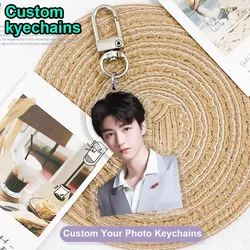 Custom Photo Keychains Cartoon Key Chain Customized Birthday Anime Charms Hologram Clear Acrylic Personalized Designer for Gifts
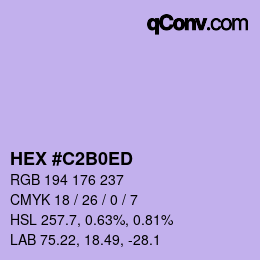颜色代码: HEX #C2B0ED | qconv.com
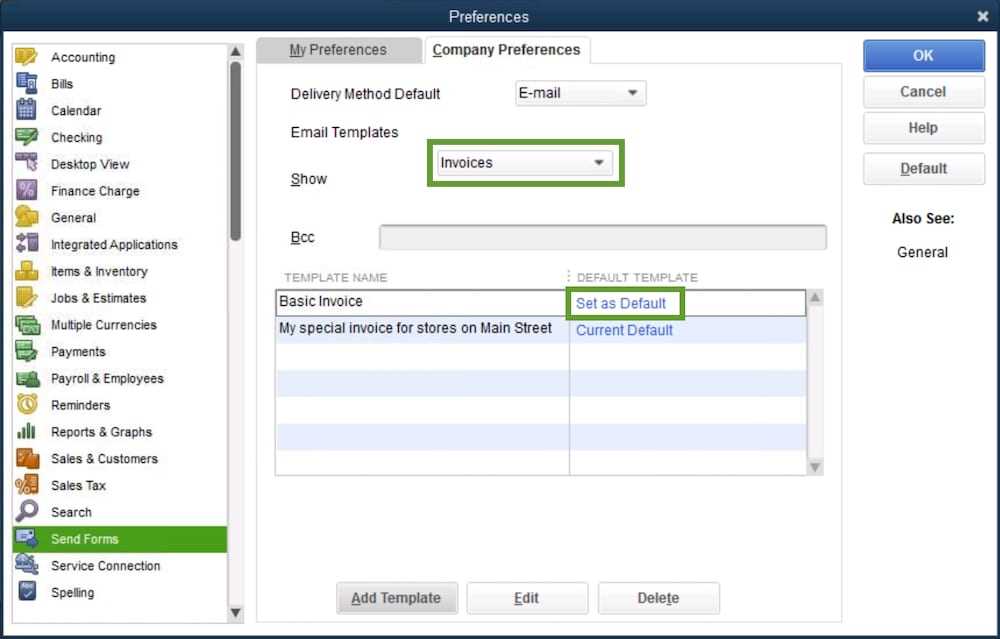 how to set default invoice template in quickbooks desktop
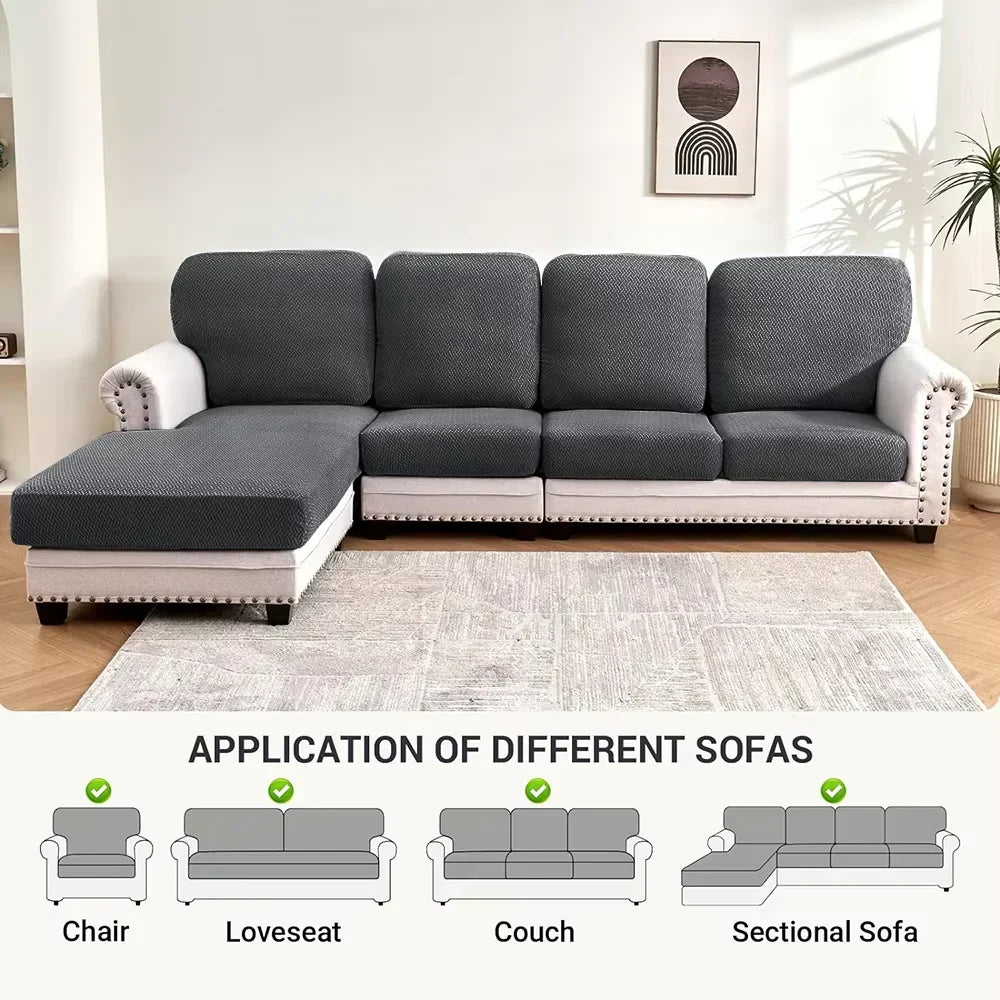 Capa elástica jacquard antiderrapante para sofá — Proteção premium FlexiWeave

**REQUIRED WORK:**
Pictures excluded, quote all the data above exactly.

**WORKED SOLUTION:**
 Custom Photo Keychains Cartoon Key Chain Customized Birthday Anime Charms Hologram Clear Acrylic Personalized Designer for Gifts
颜色代码: HEX #C2B0ED | qconv.com
 how to set default invoice template in quickbooks desktop
 Capa elástica jacquard antiderrapante para sofá — Proteção premium FlexiWeave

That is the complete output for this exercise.